O my God, I am heartily sorry for having offended Thee, and I detest all my sins, because I dread the loss of heaven, and the pains of hell; but most of all because they offend Thee, my God, Who are all good and deserving of all my love. I firmly resolve, with the help of Thy grace, to confess my sins, to do penance, and to amend my life. Amen.

As the Church teaches, Among the penitent's acts, contrition occupies first place. Contrition is "sorrow of the soul and detestation for the sin committed, together with the resolution not to sin again" (Catechism 1451). When the Holy Spirit reveals to my mind my mortal sins, I bring them to the confessional to receive the Sacrament of Penance.

St. Paul tells us, “God is not mocked” (Galatians 6:7). Without honest confession and repentance, I believe my prayers are in danger of falling on His deaf ears. Which, by the way, is why I so often pray:

“Lord, I am not as willing to change my lifestyle as I ought to be. But, Lord, whatever You have to do to purge me, to redirect me, to make me holy, Lord, I am willing to be made willing for you to do that.


Rev. Clarence Heis said...

What are your thoughts on "how" the new liturgy was celebrated this past weekend, and subsequent days?

As a Priest, I find the "new words of the new translation" awkward, but nudging me toward greater preparation and intentionality (focusing on the words and their power) for the celebration of the Sacred Liturgy.

When you have a chance, I'd be interested in hearing from you.
Fr.

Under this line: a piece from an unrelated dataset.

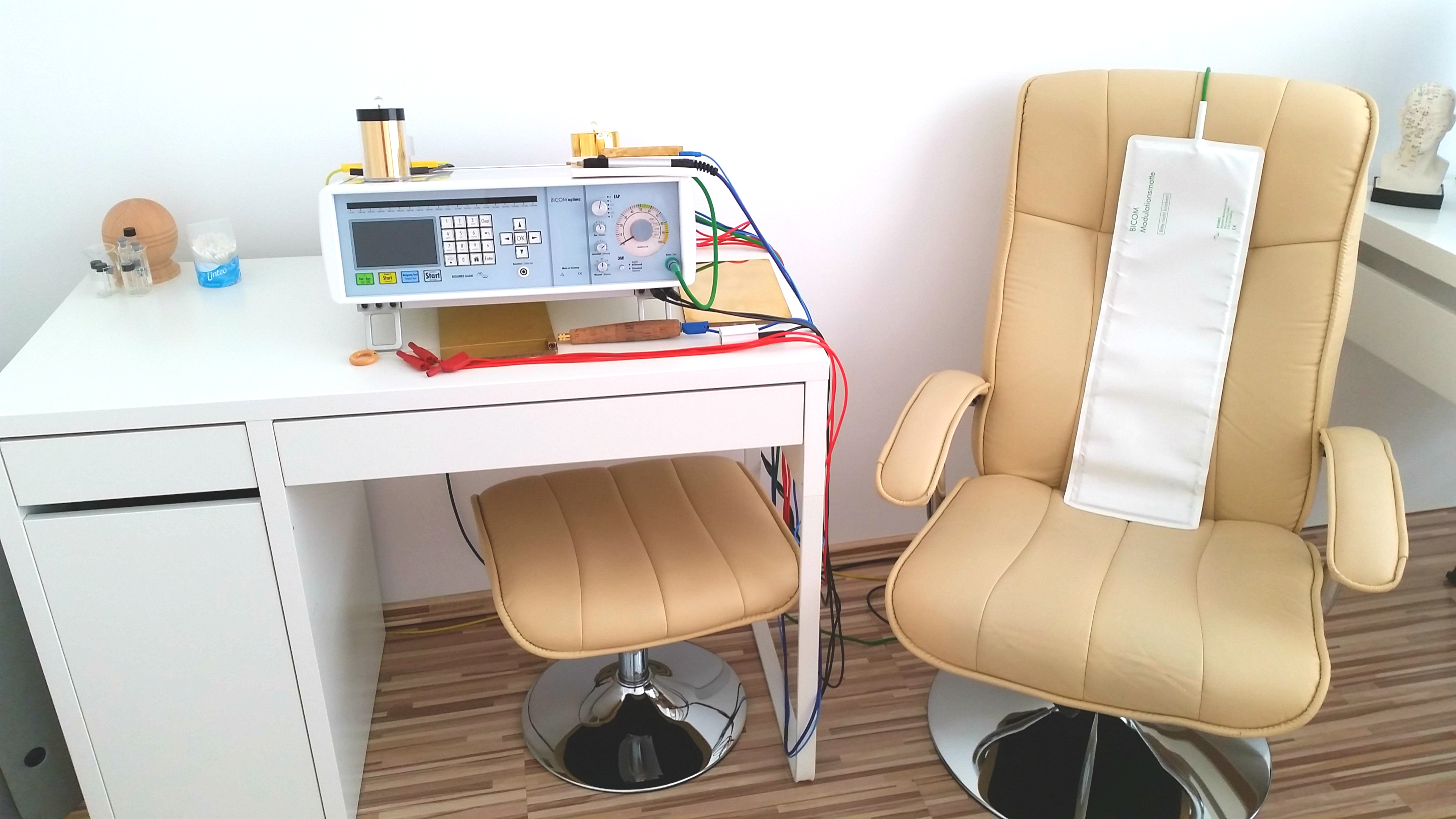 Miloš Rýc M.D. Health Care foto 4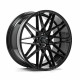 Cerchi in lega 1AV ZX4 10.5x20 Gloss Black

Clarence (cgheis7@aol.com)

Richard Maffeo said...

Hello, Fr. Clarence. I'm probably not the best person to give an intelligent opinion. Having spent more than 30 years in evangelical circles, and then being received into the Catholic Church only a few years ago, I am quite used to change. Frankly, I think change is sometimes a good thing. It keeps us from falling into mindless routine. That's one reason why I 'shake up' my prayers, using several strategies to keep myself from getting too used to one or two . . . and thus going onto autopilot.

What are your thoughts?

Anonymous said...

Beautiful reflection, Rich. Only when we are 'empty' can we receive God's Grace - so abundant and so patient!